Third Interview – May 24, 1995
MR. LYNK: All right, it is Wednesday, May 24, 1995. This is Myles Lynk. I’m
here with Judge Thomas Penfield Jackson. Judge Jackson, we have talked in these interviews for
the oral history project concerning your career as a lawyer before you joined the bench and before
that your life in the Washington community and your service in the Navy and your time at
college and law school. I wonder if we could focus today on your career since you’ve joined the
bench, and I want to start with your feelings, the emotions, the circumstances surrounding your
appointment to the bench. Was it something that was unexpected, was it something that you had
sought over a number of years? If you could just tell us how it happened that you were elevated
to the bench.
JUDGE JACKSON: It was in a sense unexpected and I cannot to this day give
you any cogent explanation of how it happened. There was a time when I, after having been in
practice for 15 or so years, that I let it be known that I would be interested in being considered for
a judicial position without committing myself to anybody that I would take it if offered. I started
out being interested primarily because somebody else had mentioned me somewhere, you know,
the “great mentioner” had suggested that maybe I could be considered for a position on the D.C.

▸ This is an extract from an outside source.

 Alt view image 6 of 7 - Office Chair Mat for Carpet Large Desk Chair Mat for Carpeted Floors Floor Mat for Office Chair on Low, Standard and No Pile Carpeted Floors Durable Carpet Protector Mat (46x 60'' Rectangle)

court of appeals. And, having been a lawyer for 15 years and spent my entire career trying to
persuade other judges to see things as I saw them, the prospect of being able to decide things for
a change looked like a very attractive proposition. And I think maybe I was mentioned in one
circle or another for a year or two, maybe longer, before anything really happened, and for
reasons that I am not, to this day, entirely clear on, at some point I was notified by somebody
who was in a position to know that I was being very actively considered as a district court judge
by President Reagan and his staff. I traced that, to the extent that I could do so purely by
conjecture, back to the time that I was doing the Committee for the Re-election courtroom work
and somebody probably formed a favorable opinion of me. In any event, it did come very much
as a surprise to me and it was rather sudden that I understood that I was really in consideration,
being asked by an assistant attorney general to fill out one of these questionnaires, which I did.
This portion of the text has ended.